Why piano tuners never have any fun!

Montal treatise on piano tuning

Naturally, if you are going to take a note from a wind instrument, you want a note which meets several criteria:

1. If the point is to make sure the wind instrument can play well together with the keyboard in all keys, it should be one of the least flexible notes on the instrument, i.e. a note which does not allow for significant amounts of pitch change, either by variations in pressure/embouchure or by alternative fingerings
2. It should be a note which is found in a majority of the most often-used keys
3. It should be a note which provides a practical starting point according to the logic of the temperament

As the chart below clearly shows, the historically reference note has overwhelmingly been C, with F as a distant second. These notes are the “home key” tonics of the bassoon and oboe, the most often-used wind instruments in mixed ensemble playing. Bassoon is especially important, since its task is to double the bass line as played by the keyboard (or lute). Therefore, the bassoon was required to precisely mimic whatever the temperament was, whereas the oboe – like all melody instruments and the voice – was expected to more or less freely deviate from the keyboard temperament in order to favor pure tuning whenever possible.

historical reference pitch practice

The switch to A seems to have come around the middle of the 19th century. This coincides exactly with the wide-spread adoption of Equal Temperament, as well as the introduction of truly chromatic wind instruments, i.e. instruments with complex key systems which removed both the instability and the contrast of color which characterized the accidentals on earlier winds. Naturally, in a context of a perfectly-even distribution of the 12 tones of the octave, no one reference note is any better than any other. Furthermore, since variation in temperament was eliminated, string players no longer needed to take the tuning of each and every one of their strings directly from the keyboard in order to match the degree of tempering among the fifths. Instead, they could simply take a single note according to which the rest of their strings were tuned as either ever-so-slightly narrow fifths or simply as pure fifths, in which case the maximum error would be a mere 4 cents.
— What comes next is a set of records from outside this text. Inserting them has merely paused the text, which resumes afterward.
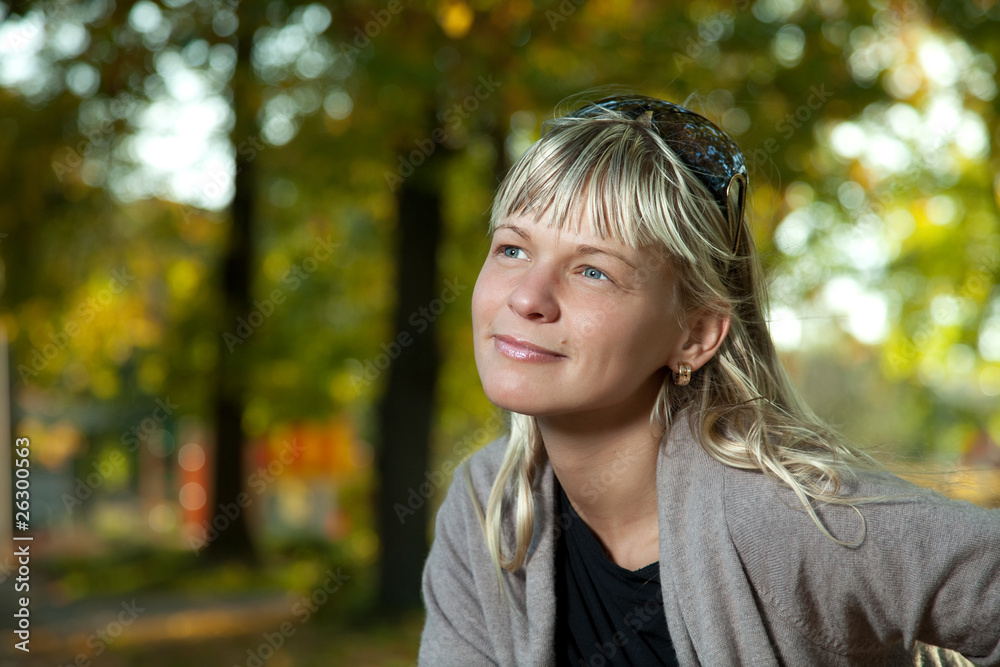 Blond woman with sunglasses portrait in a autumn park. Blond woman with sunglasses portrait in a autumn park.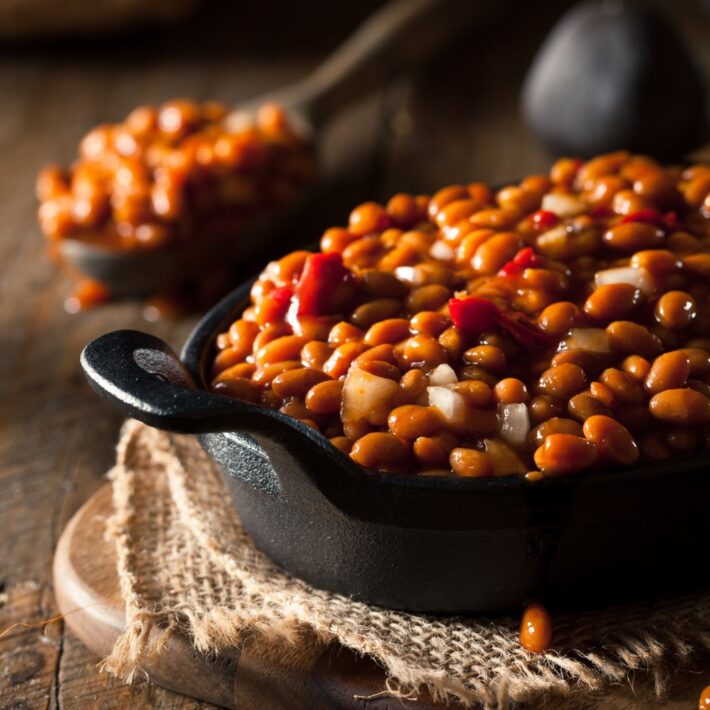 Tropical Baked Beans in a black cast iron skillet sitting on a brown placemat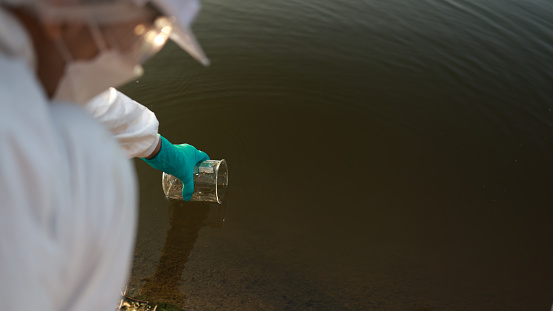 Biologists check the water sample for infections. Gloved hand with Beaker and a test tube on a background of lake, river, sea. Pollution of ecology, environment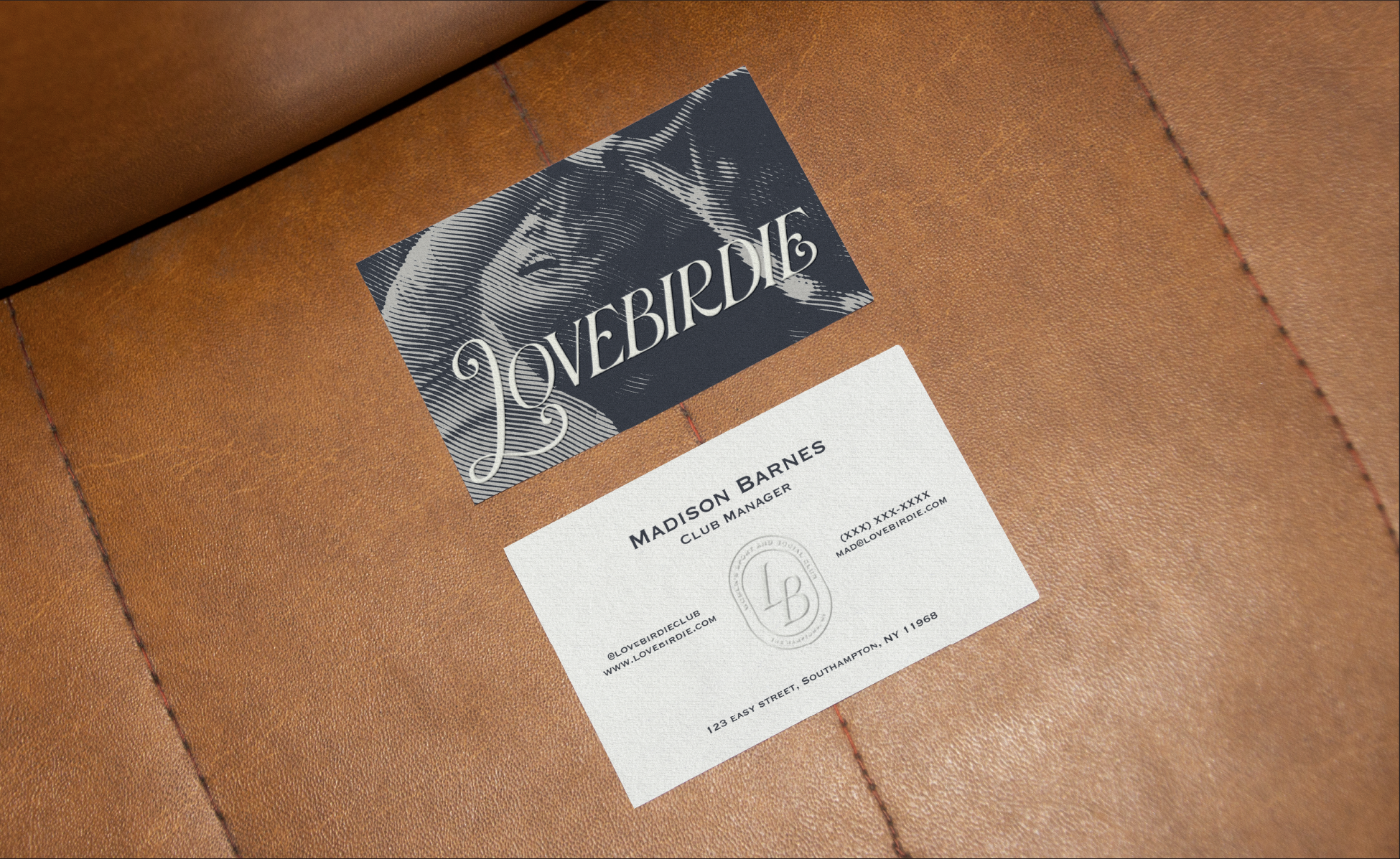 Front and back of business cards on a brown leather surface, one titled 'LOVEBIRDIE' and the other with embossed submark logo and contact information
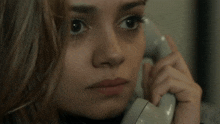 a close up of a woman talking on a white phone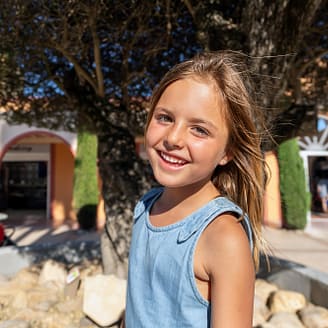 Camping Le Brasilia, services, place du village, enfant souriant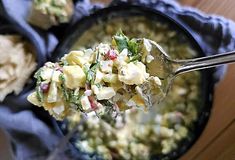 a spoon full of food on top of a table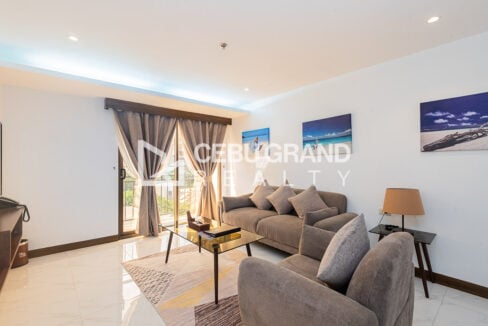 Sofa set, glass coffee table and balcony doors with full-length curtains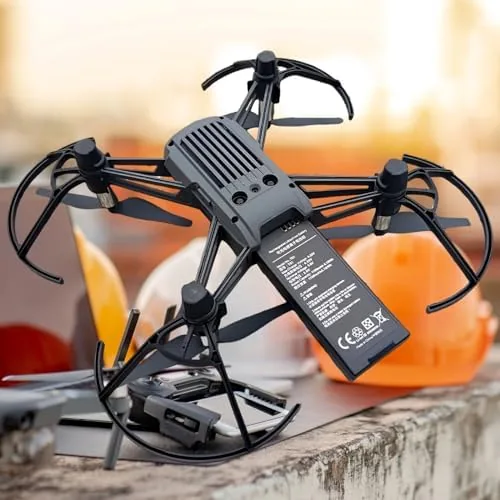 A Tello drone with one of the replacement batteries being installed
An instructive illustration of the change in mentality is found in Carl Kützing’s 1833 treatise on piano construction. His appendix on tuning the instrument begins with a discussion of temperament in general and the primary causes for the need for temperament, explaining both the Pythagorean and the Syntonic comma. These explanations are accompanied by various tables of proportions and hypothetical series of intervals, all of which follow the traditional approach of reckoning everything from a starting point of C. However, when it comes to the actual tuning instructions, the first step is to tune bass A from tenor a as a pure octave, implying that tenor a was the reference note which had been established either by using a fork or a wind instrument. The rest of the instruction proceeds according to the usual 18th century manner of producing Equal Temperament, i.e. the major thirds A-c#-f-a are all tempered identically, and then each series of four fifths which lie between these notes are in turn tempered identically (a vestigial practice from setting meantone). It goes without saying that the same approach works equally-well (bad pun!) starting from C, or any note for that matter, so the specific use of tenor a indicated that a definite shift in methodology was already underway.